◆ **DESCRIPTION OF THE TASK**:
From the line containing "かぐれ(カグレ)の「オーバー" down to the last line of the records below, give every line again without any change.
────────────────────
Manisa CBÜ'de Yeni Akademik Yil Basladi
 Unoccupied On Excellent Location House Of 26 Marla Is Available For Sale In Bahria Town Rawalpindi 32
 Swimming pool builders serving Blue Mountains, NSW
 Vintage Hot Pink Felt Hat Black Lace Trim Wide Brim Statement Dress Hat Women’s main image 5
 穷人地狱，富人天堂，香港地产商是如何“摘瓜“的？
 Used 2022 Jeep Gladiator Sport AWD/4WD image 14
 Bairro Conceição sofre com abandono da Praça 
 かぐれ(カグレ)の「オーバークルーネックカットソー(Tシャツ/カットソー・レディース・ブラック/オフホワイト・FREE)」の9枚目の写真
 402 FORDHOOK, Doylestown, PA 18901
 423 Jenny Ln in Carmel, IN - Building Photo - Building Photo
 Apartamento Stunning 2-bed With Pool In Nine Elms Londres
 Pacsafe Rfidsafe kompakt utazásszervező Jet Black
────────────────────
◆ **EXERCISE SOLUTION**:
 かぐれ(カグレ)の「オーバークルーネックカットソー(Tシャツ/カットソー・レディース・ブラック/オフホワイト・FREE)」の9枚目の写真
 402 FORDHOOK, Doylestown, PA 18901
 423 Jenny Ln in Carmel, IN - Building Photo - Building Photo
 Apartamento Stunning 2-bed With Pool In Nine Elms Londres
 Pacsafe Rfidsafe kompakt utazásszervező Jet Black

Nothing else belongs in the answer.